§ INPUT DATA
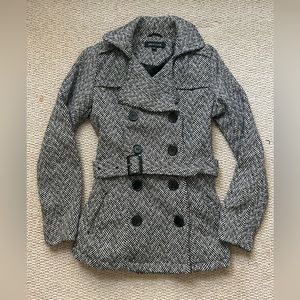 Practically NEW, size = small dress coat.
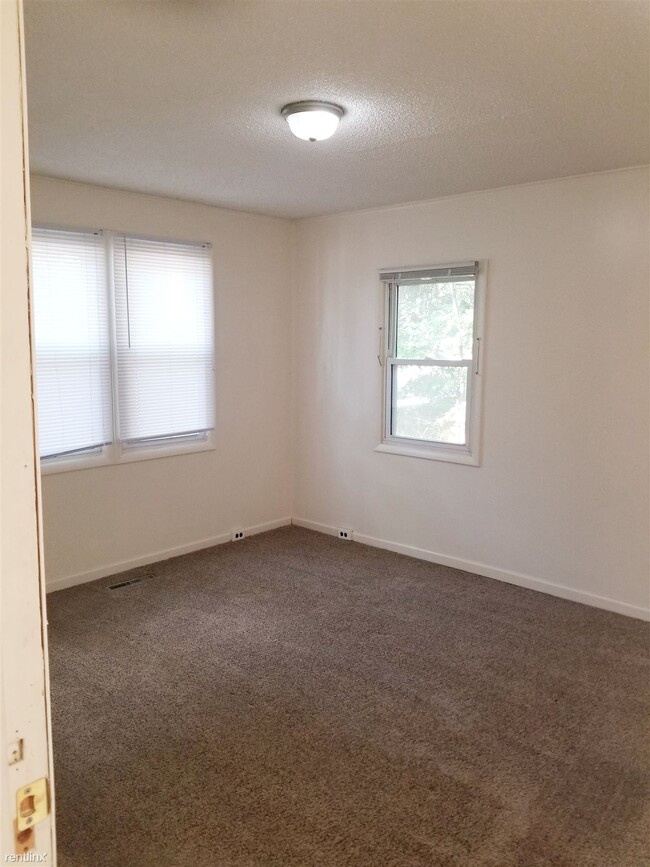 Building Photo - 2 br, 1 bath Duplex - 100 Leonard St NE # 1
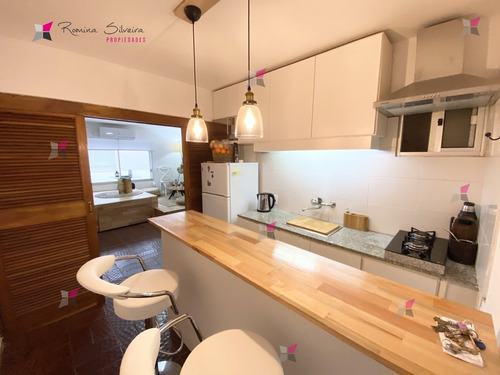 Venta Apartamento En Peninsula, Monoambiente Reciclado- Ref: 9645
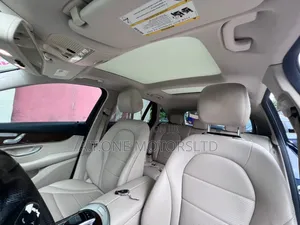 Mercedes-Benz GLC-Class 2017 Black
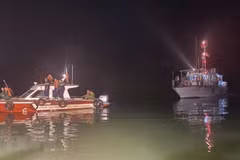 Vụ máy bay rơi trên biển: Huy động hơn 200 người tham gia cứu hộ 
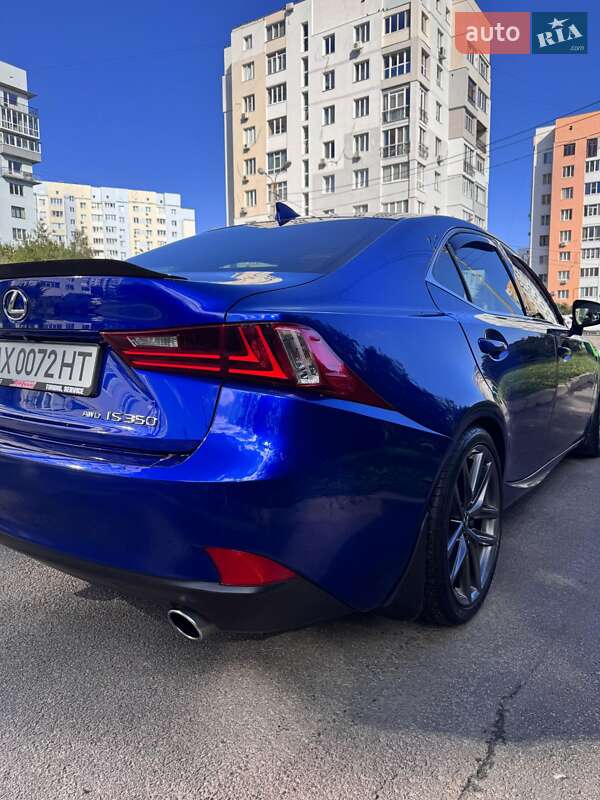 Фото Lexus IS з оголошення AUTO.RIA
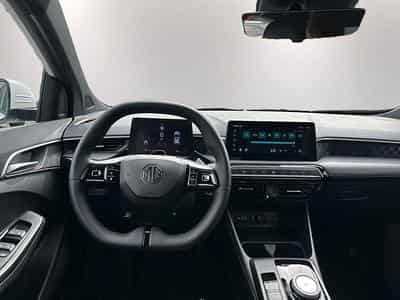 MG MG3 1.5 HYBRID+ 195 LUXURY (2026) - Photo 10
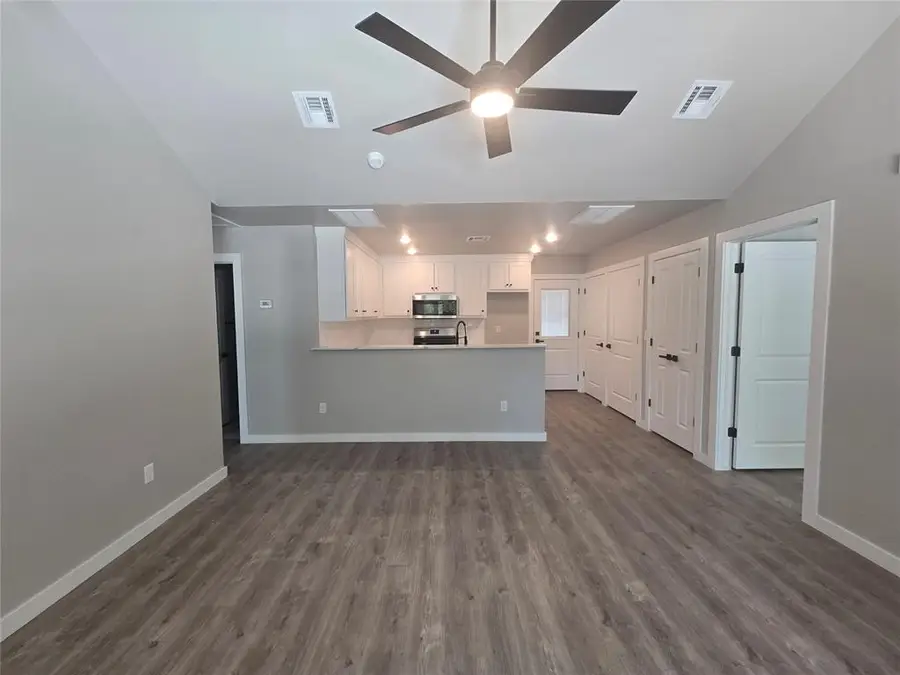 1304 E Margaret Street, Shawnee, OK 74801 - #3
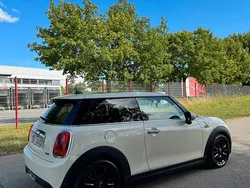 Weiß Gebraucht 2016 Mini ONE Kleinwagen | 9.250 €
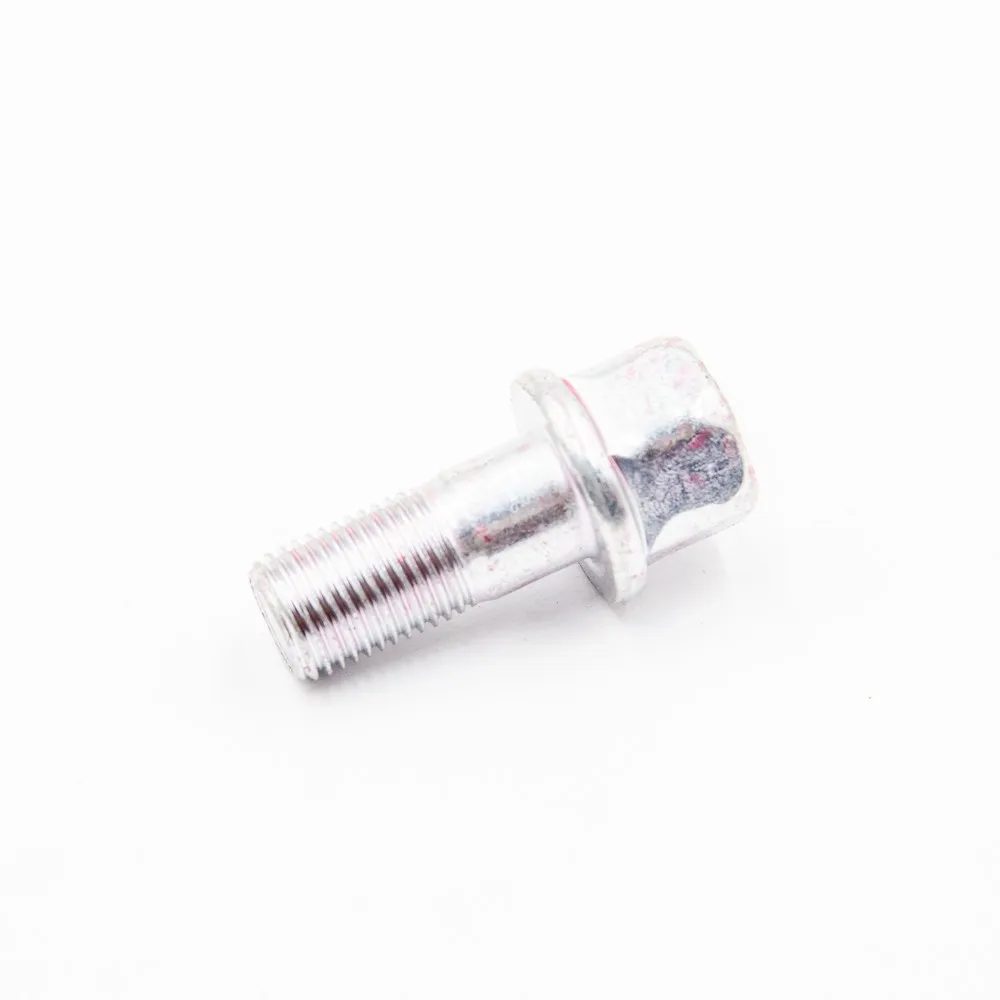 Болт ступицы заднего колеса MITSUBISHI MU000708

§ ABOUT THIS EXERCISE
Please reproduce the lines above from the one containing "Mercedes-Benz GLC-Class 2017 Black" through the final line, exactly and inclusively, leaving out each picture.

§ TASK ANSWER
 Mercedes-Benz GLC-Class 2017 Black
 Vụ máy bay rơi trên biển: Huy động hơn 200 người tham gia cứu hộ 
 Фото Lexus IS з оголошення AUTO.RIA
 MG MG3 1.5 HYBRID+ 195 LUXURY (2026) - Photo 10
 1304 E Margaret Street, Shawnee, OK 74801 - #3
 Weiß Gebraucht 2016 Mini ONE Kleinwagen | 9.250 €
 Болт ступицы заднего колеса MITSUBISHI MU000708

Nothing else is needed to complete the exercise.